In every career I have had, I have been blessed to have someone that was always ready to offer advice and guidance when I needed it. These mentors have spent time with me and shared with me the benefit of their experience. Many times, they saved me hours of heartache when I would have been doing something twenty times if not for their well timed information rescue. Sometimes, they helped me to focus my energies on the right task or in the right direction. Occasionally, they told me I wasn’t ready for something. In every case, I was better off for having them in my life.
I am writing today to encourage you to find one or more mentors. Look around your cake club or city and see if there is someone who can be your guide. It is possible that you will have one or more Facebook friends who act as mentors. There is no right or wrong person to use as a mentor. The person does not have to be older than you…they just need different or more experience than you on the subject.

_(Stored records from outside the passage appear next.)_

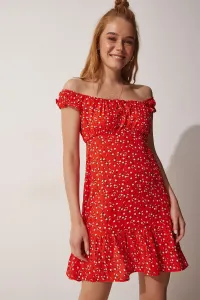 Happiness İstanbul Women's Red Floral Summer Viscose Dress
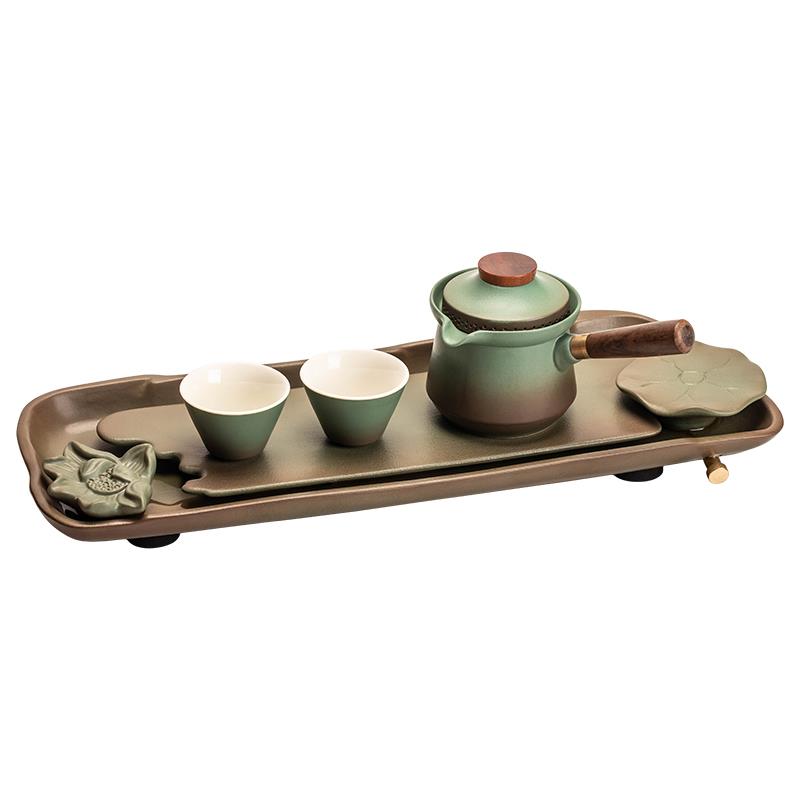 陶瓷茶盘长方形蓄水干泡盘家用功夫托盘茶台茶海茶具套装整套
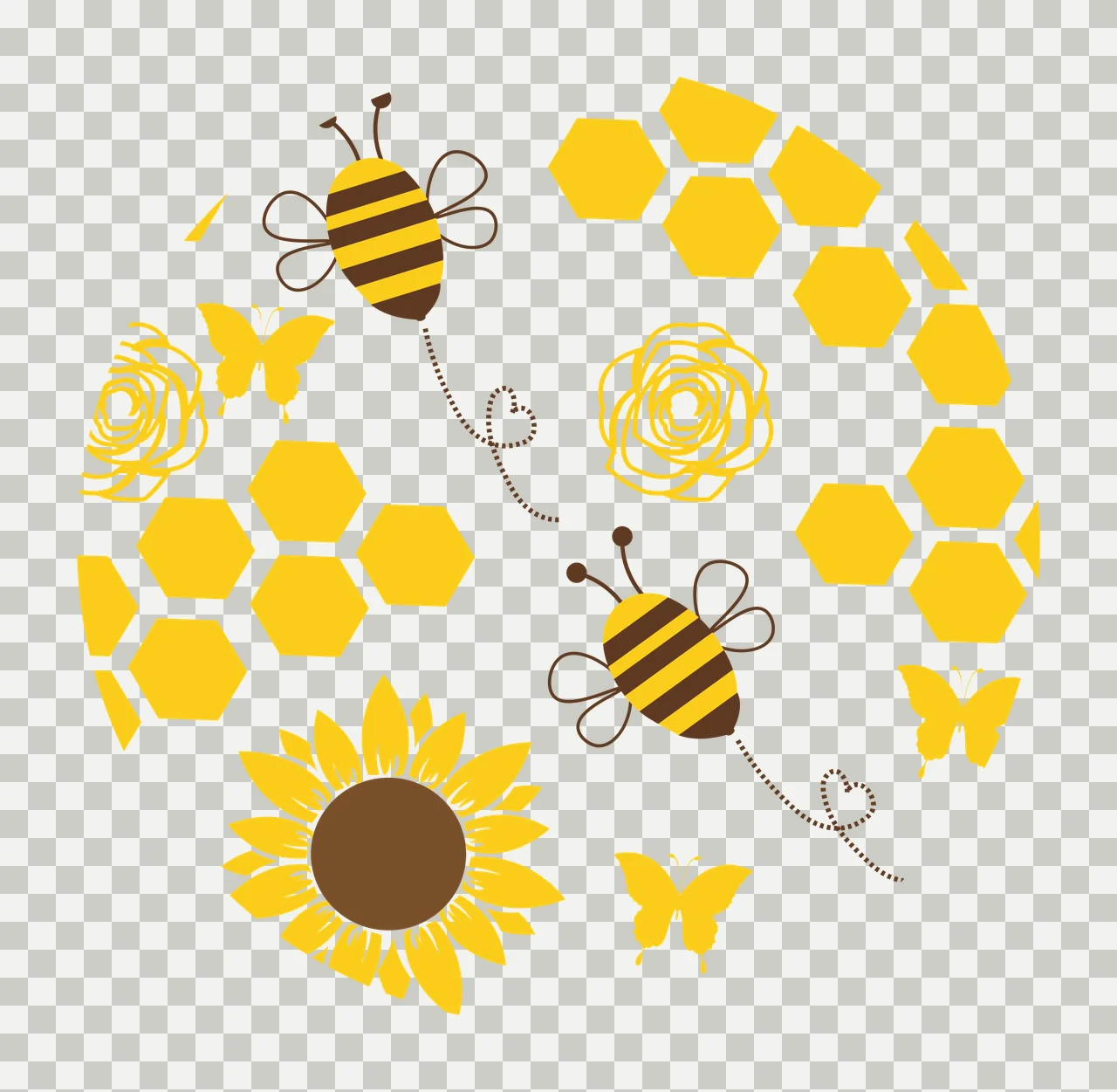 Keychain Bees And Flowers Line Art Pattern repeating hexagons transparency and detail preview thumbnail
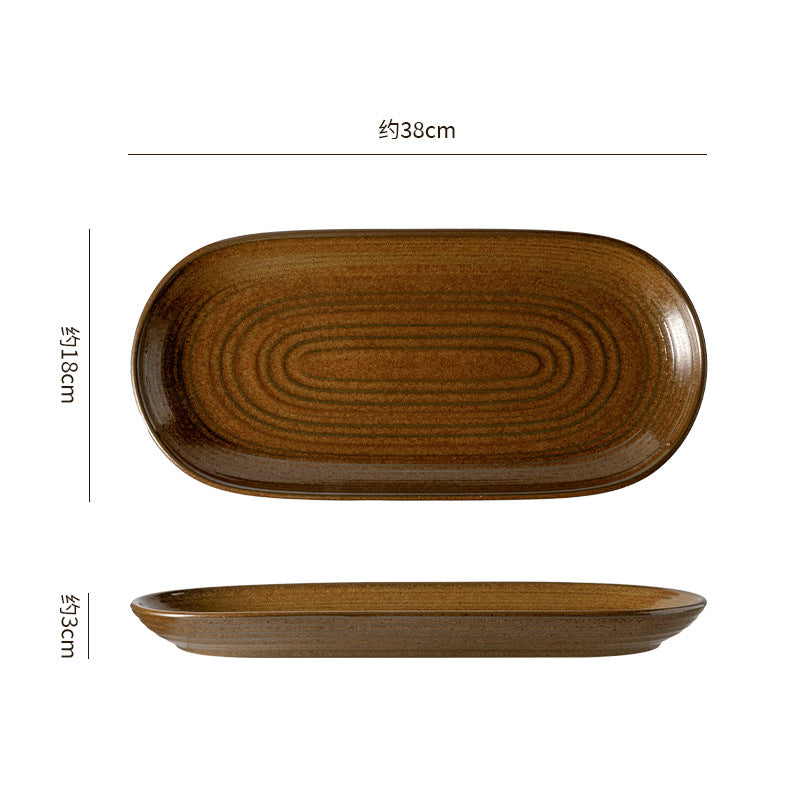 Vintage chic ceramic oval fish plate - perfect for restaurants, hotels, and home use. featuring a textured, rectangular design ideal for steamed fish, sushi, and elegant plating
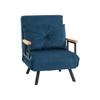 Canapé-lit - HOMCOM - Fauteuil Relax - Velours Bleu - Dossier Réglable - 1 Place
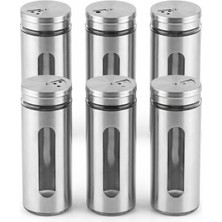 Mey İthalat Baharatlık; 6'lı Set Metal Kaplı Cam, 14 Cm, Şeffaf Pencereli, Döner Kapaklı, Paslanmaz Çelik Görünümlü Tuzluk ve Baharat Takımı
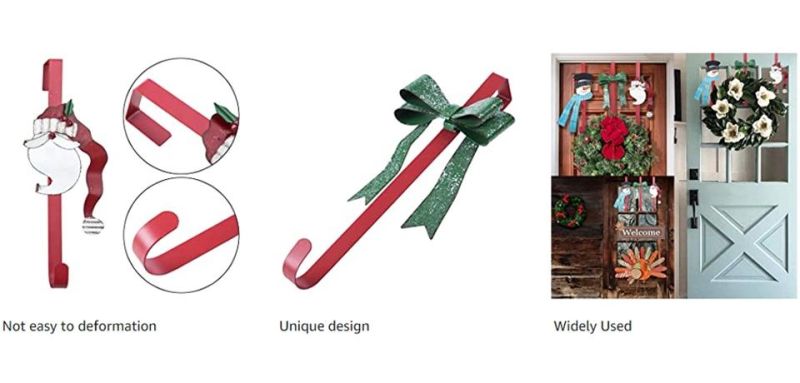 3PCS 14" Wreath Hanger Metal Door Hanger with Santa Claus, Snowman, Bow-Knot for Front Door Christmas Decoration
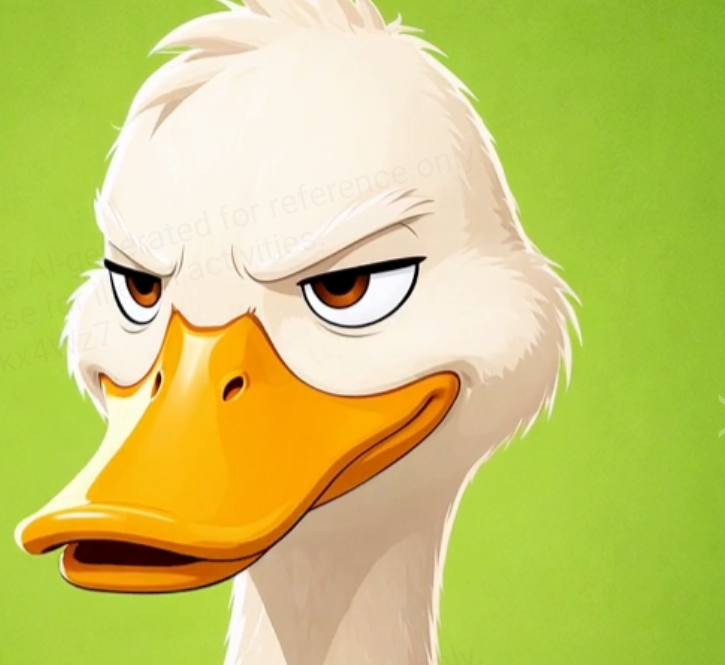 Serious duck mascot — back of the flip card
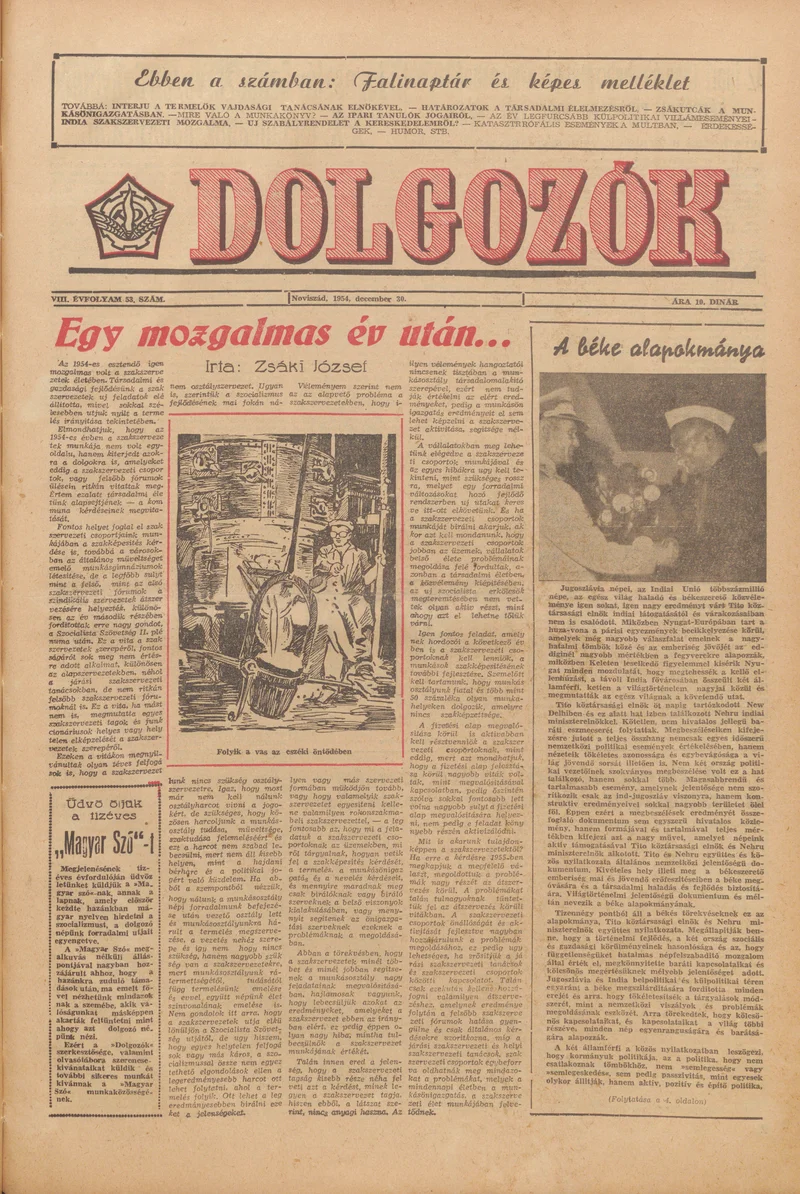 Dolgozók, 8. évf. 1954. december 30. 53. sz.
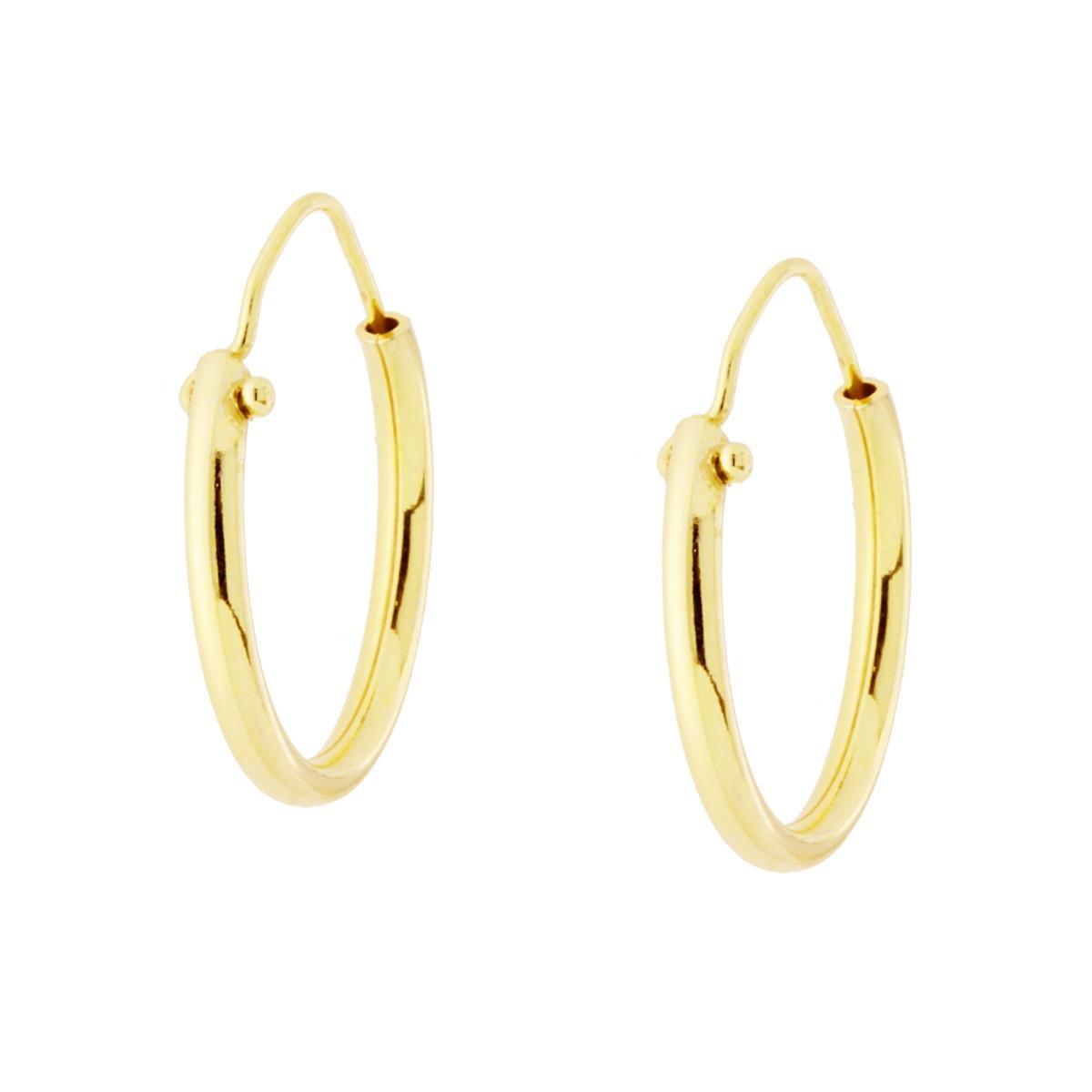 Orecchini a Cerchio mm 20 con Canna tonda liscia mm 2 in ARGENTO 925 Galvanica Oro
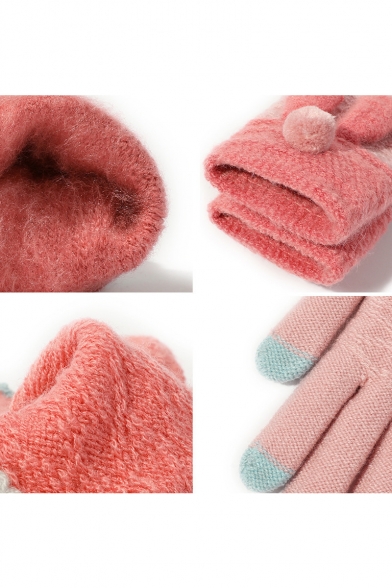 Cute Colorblock Pom Pom Embellished Warm Touchscreen Outdoor Gloves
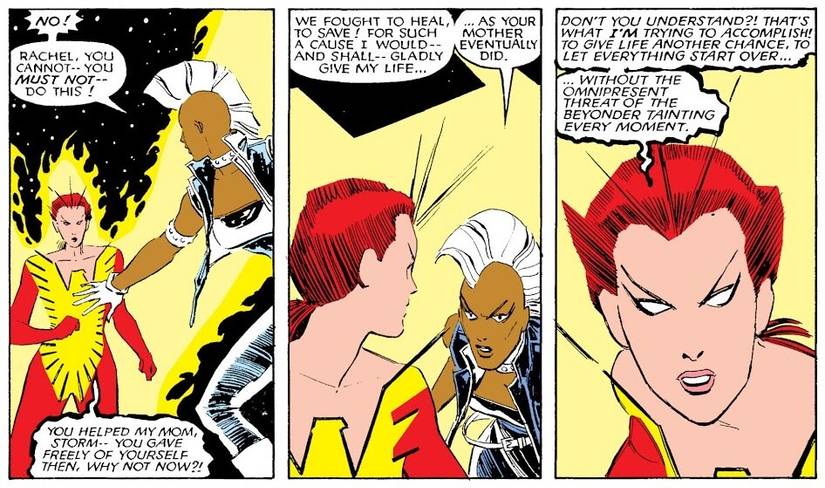 Panels-from-Uncanny-X-Men-203-by-Chris-Claremont-John-Romita-Jr.-Al-Williamson-Glynis-Oliver-and-Tom-Orzechowski-depicting-Storm-reasoning-with-Rachel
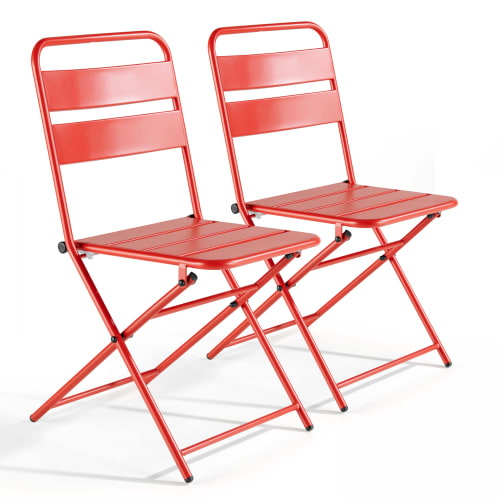 Jardin Chaises de jardin | Lot de 2 chaises pliantes en métal Rouge - WW40502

You may not even need a mentor from the cake world. If your friend is great at using social media, let him advise you on ways to improve your use of that form of advertising. If a friend is a great writer, see if they will help you rewrite your web pages for better impact. If your friend is great at numbers, ask for their help with your budget.
The perfect mentor for me might not work for you. Think about who you can speak honestly with, who you can trust and who offers realistic encouragement. Remember that if everyone of you seeks out Mike McCarey ( who is a great mentor, btw) or someone “famous”, know that they might be pretty busy and unable to get you quick answers. I know I get questions a lot and try to always answer each to the best of my knowledge, but I am rarely instantaneous about it these days. The best mentors are going to be people who see you regularly and know your situation.
I almost wish that there was a cake guru at the top of a multi-tiered cake mountain somewhere who had the answers to every cake question, but I am realistic enough to know that no one in this industry knows it all (although some act like they do!). We all have strengths and weaknesses. Find the balance for your weakness by finding your mentor.
How do you get a mentor? Remember when I said that you needed someone with whom you could be honest? This is part of why. You need to feel comfortable asking your questions and, more importantly, in asking for help. Be brave and reach out. I promise you that there are mentors all around you right now. Who will be your cake guru?